Pero para que enseñar se convierta en aprenseñar, y no sólo en reproducir saberes dados tanto al enseñarlos como al aprenderlos –el aprendizaje reproductivo del que tanto adolece nuestra educación no es sino un reflejo de la enseñanza reproductiva: también los profesores reproducen saberes establecidos que no han construido ellos-, es preciso por tanto acercarse a nuevas formas de enseñar y aprender, basadas en el diálogo, la cooperación y la actividad conjunta.
 
Transmitir lo que sabemos no nos cambia. Parece que la palabra clave es por tanto cambiar, atreverse a cambiar.
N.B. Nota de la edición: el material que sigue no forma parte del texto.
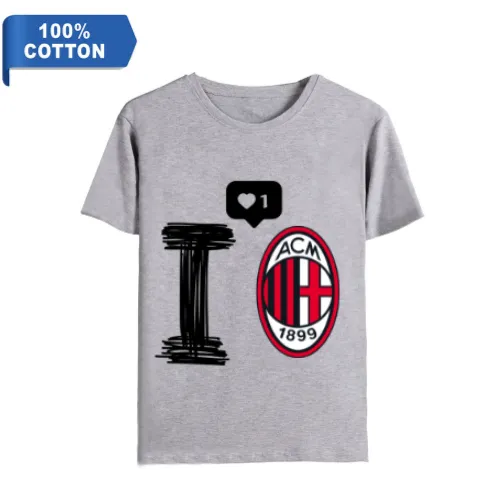 Milan 2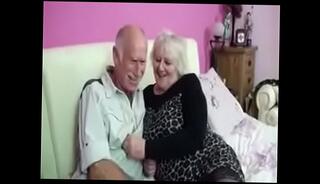 Video 777033065: old woman sex, man woman sex, whore sex, whore hardcore, very old woman, painful sex
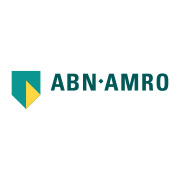 Logo-ABN-180x180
En lugar de concebir la enseñanza como una actividad conservadora –en el sentido de transmitir a las nuevas generaciones esa acumulación cultural de la que también y tan bien se habla en este libro a partir de Tomasello- aprender enseñando requiere concebirla como una actividad transformadora (de mí mismo, de los otros, de la cultura).
 
Esa orientación hacia el cambio es especialmente urgente en la nueva cultura del aprendizaje, mediada en buena medida por los nuevos desarrollos tecnológicos que están convirtiendo la gestión del conocimiento en una actividad más horizontal, dialógica y cooperativa de lo que ha sido con las tecnologías anteriores. Estos nuevos tiempos requieren nuevas formas de ejercer o vivir la enseñanza y el aprendizaje. Cuando existen ya links –varios de ellos referidos en el libro- desde los que asistir a conferencias, lecciones magistrales y debates de primer nivel, cuando la información y el saber establecido está al alcance del dedo (del pulgar exactamente), para seguir teniendo sentido y no ser sustituidos por esas tecnologías, enseñar tiene que volver a ser una actividad dialogante, altruista y mentalista. Porque además solo así puede volver a ser una actividad emocionante, algo esencial para mejorar también la salud mental y la calidad de vida de quienes enseñan y quienes aprenden.
 
Aprendizaje y emoción son en sus orígenes funciones cognitivas inseparables. Los organismos aprenden por impulsos emocionales. Como hacen los niños o como hacemos todos en contextos de aprendizaje informal. Pero nuevamente la institucionalización del aprendizaje en contextos formales ha disociado aprendizaje y emoción como parte de ese mencionado proceso de despersonalización, por el que se enseñan contenidos, materias, pero no se enseña a las personas.
 
Tal vez haya que inventar un nuevo verbo que conjugue a la vez el aprendizaje, la enseñanza y la emoción. Pero mientras queda disfrutar de Aprenseñar y practicarlo. Y dado que hemos llegado a la conclusión de que comunicar y dialogar con el propio conocimiento es una de las formas más potentes de aprenderlo, habrá no sólo que agradecer a David por lo mucho que aquí nos enseña, sino además envidiarle por lo mucho que debe haber aprendido al hacerlo.    
 
Juan Ignacio Pozo.
Catedrático de Psicología Básica de la Universidad Autónoma de Madrid.